- _Exercise goal_: Only one thing is required: the number of lines in the entries below that contain "with".

#### Data to process

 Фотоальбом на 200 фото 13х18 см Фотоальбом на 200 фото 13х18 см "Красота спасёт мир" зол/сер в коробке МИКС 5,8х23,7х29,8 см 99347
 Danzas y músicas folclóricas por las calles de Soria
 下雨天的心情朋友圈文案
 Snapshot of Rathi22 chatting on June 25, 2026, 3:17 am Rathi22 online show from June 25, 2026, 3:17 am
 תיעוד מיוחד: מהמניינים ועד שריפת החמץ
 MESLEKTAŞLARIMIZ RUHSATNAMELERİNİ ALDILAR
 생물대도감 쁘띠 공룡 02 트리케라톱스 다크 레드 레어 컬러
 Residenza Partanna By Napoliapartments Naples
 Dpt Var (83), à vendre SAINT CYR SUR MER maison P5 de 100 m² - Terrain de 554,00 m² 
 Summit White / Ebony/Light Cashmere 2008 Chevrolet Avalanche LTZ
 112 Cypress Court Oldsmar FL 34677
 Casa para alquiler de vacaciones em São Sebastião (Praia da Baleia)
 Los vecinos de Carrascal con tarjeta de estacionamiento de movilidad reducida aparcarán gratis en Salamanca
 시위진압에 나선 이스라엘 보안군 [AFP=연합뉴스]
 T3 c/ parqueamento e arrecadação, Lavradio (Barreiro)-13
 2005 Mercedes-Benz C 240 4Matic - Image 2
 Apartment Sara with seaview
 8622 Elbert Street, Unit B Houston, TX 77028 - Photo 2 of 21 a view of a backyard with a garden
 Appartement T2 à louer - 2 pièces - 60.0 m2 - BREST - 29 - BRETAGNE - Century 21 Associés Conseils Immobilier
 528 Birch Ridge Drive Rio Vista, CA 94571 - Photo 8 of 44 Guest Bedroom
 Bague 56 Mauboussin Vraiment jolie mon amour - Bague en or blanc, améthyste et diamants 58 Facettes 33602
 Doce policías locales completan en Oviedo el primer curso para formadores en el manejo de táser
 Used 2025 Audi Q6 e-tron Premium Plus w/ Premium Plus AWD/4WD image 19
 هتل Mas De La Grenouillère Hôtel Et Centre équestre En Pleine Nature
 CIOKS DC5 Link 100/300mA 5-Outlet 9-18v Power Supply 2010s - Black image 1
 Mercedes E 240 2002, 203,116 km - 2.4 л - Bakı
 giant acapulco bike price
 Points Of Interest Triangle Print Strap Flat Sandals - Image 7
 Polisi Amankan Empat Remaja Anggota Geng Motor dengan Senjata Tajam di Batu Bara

########

- _Exercise answer_: 2